Please write out exactly the lines that begin at the line containing "Witch, long pink" and run to the end of the records.

(Input data)

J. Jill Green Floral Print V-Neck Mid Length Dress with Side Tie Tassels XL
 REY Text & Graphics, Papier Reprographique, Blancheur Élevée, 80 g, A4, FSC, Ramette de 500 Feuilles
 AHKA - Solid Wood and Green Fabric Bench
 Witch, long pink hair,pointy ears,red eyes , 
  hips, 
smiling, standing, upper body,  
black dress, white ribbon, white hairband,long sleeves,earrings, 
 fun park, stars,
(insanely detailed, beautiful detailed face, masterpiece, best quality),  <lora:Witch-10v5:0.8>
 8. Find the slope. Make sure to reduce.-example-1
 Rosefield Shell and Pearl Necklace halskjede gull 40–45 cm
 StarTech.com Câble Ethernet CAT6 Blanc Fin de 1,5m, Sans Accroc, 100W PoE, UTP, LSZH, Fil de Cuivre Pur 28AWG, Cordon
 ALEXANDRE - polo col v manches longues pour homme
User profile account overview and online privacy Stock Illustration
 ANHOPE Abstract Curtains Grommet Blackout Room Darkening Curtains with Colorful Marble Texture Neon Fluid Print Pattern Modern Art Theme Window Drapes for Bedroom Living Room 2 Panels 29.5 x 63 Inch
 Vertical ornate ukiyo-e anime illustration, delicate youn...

(End Input data)

Response to the exercise ▸
 Witch, long pink hair,pointy ears,red eyes , 
  hips, 
smiling, standing, upper body,  
black dress, white ribbon, white hairband,long sleeves,earrings, 
 fun park, stars,
(insanely detailed, beautiful detailed face, masterpiece, best quality),  <lora:Witch-10v5:0.8>
 8. Find the slope. Make sure to reduce.-example-1
 Rosefield Shell and Pearl Necklace halskjede gull 40–45 cm
 StarTech.com Câble Ethernet CAT6 Blanc Fin de 1,5m, Sans Accroc, 100W PoE, UTP, LSZH, Fil de Cuivre Pur 28AWG, Cordon
 ALEXANDRE - polo col v manches longues pour homme
User profile account overview and online privacy Stock Illustration
 ANHOPE Abstract Curtains Grommet Blackout Room Darkening Curtains with Colorful Marble Texture Neon Fluid Print Pattern Modern Art Theme Window Drapes for Bedroom Living Room 2 Panels 29.5 x 63 Inch
 Vertical ornate ukiyo-e anime illustration, delicate youn...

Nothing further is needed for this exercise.